(Recorded data)

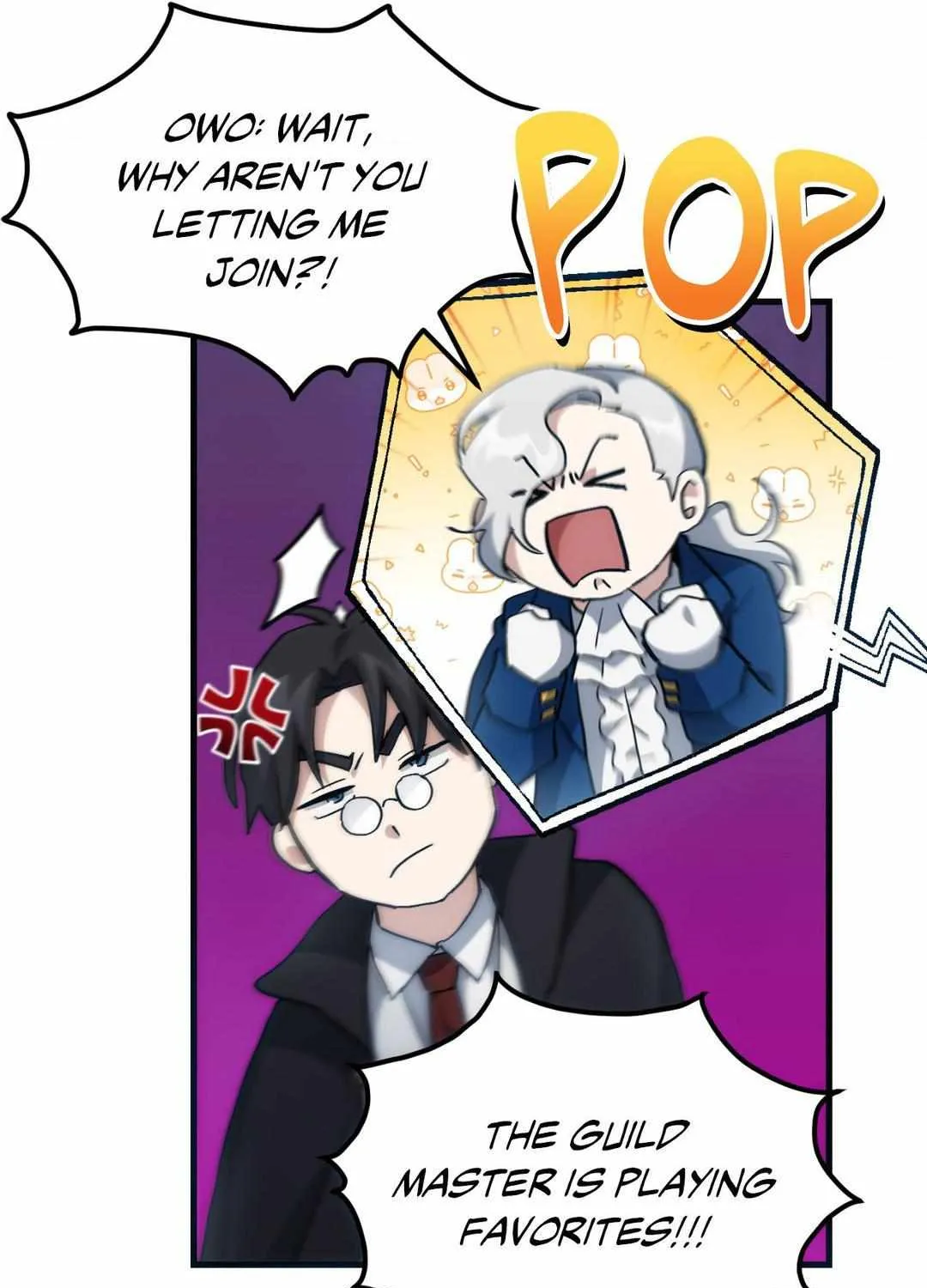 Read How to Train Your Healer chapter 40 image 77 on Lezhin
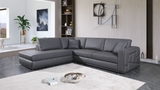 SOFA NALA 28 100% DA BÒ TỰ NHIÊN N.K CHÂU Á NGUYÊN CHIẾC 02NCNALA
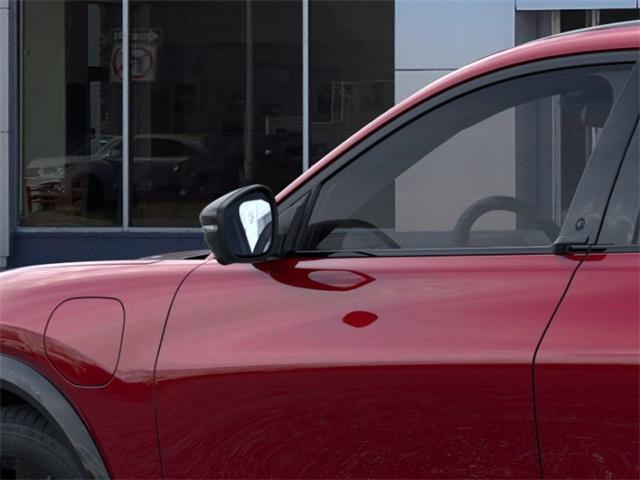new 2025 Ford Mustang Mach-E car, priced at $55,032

(End Recorded data)

* What is needed: Copy all of the data word for word, and keep the pictures out of it.

* Task solution:
 Read How to Train Your Healer chapter 40 image 77 on Lezhin
 SOFA NALA 28 100% DA BÒ TỰ NHIÊN N.K CHÂU Á NGUYÊN CHIẾC 02NCNALA
new 2025 Ford Mustang Mach-E car, priced at $55,032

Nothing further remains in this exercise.